WHAT TO DO » Write the records out again exactly, but without pictures.

==== RECORDS

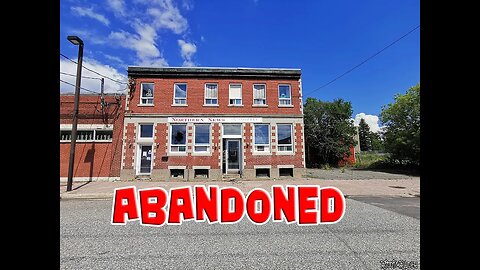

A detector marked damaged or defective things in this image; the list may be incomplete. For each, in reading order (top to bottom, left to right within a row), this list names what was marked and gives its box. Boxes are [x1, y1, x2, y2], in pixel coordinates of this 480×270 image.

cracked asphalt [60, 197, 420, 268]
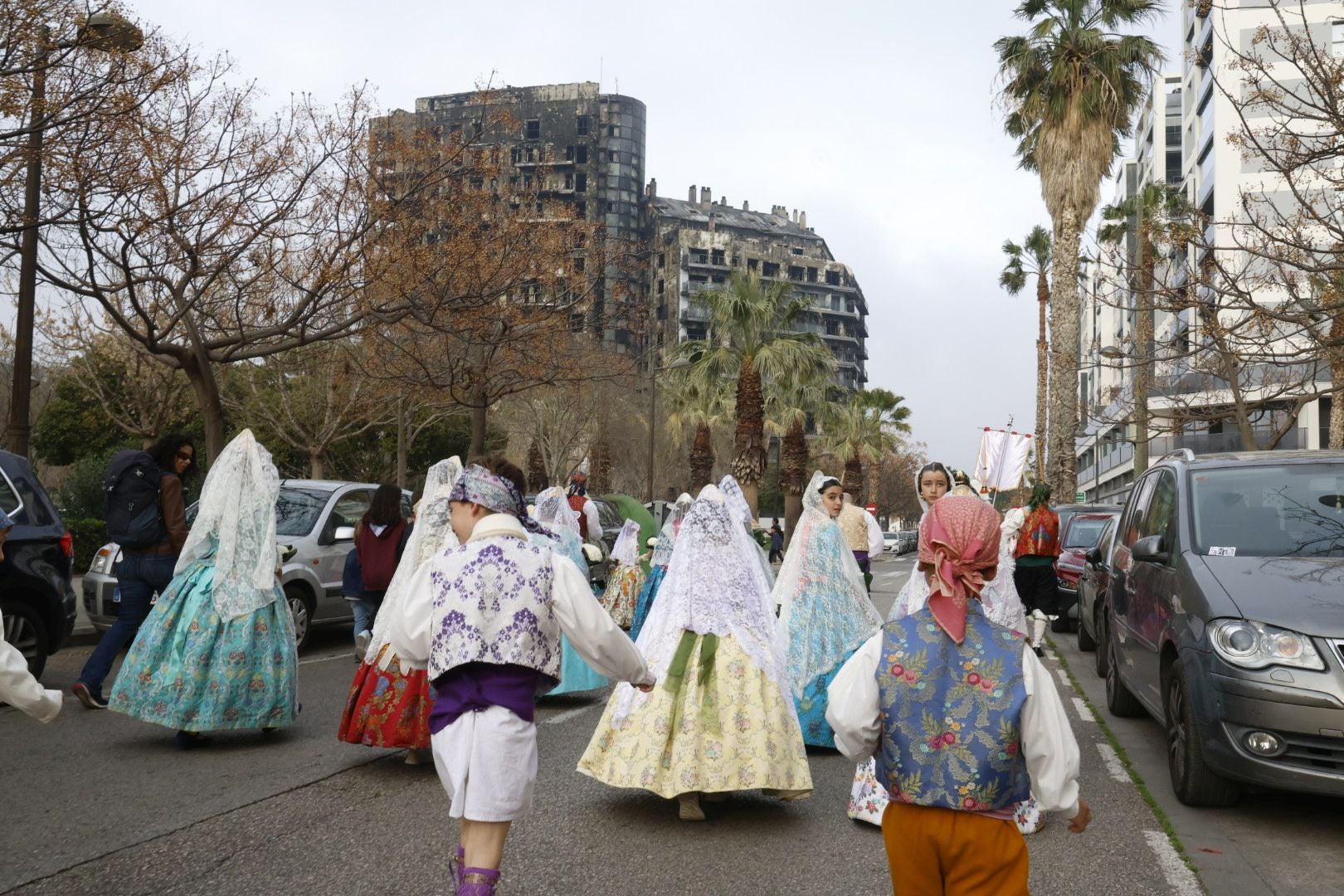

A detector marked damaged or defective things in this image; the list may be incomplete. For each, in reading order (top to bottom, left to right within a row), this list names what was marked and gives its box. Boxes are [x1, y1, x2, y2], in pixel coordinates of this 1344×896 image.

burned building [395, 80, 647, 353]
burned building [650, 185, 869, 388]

========

EXPECTED ANSWER »
A detector marked damaged or defective things in this image; the list may be incomplete. For each, in reading order (top to bottom, left to right within a row), this list names what was marked and gives its box. Boxes are [x1, y1, x2, y2], in pixel coordinates of this 480×270 image.

cracked asphalt [60, 197, 420, 268]

A detector marked damaged or defective things in this image; the list may be incomplete. For each, in reading order (top to bottom, left to right within a row), this list names what was marked and gives its box. Boxes are [x1, y1, x2, y2], in pixel coordinates of this 1344×896 image.

burned building [395, 80, 647, 353]
burned building [650, 185, 869, 388]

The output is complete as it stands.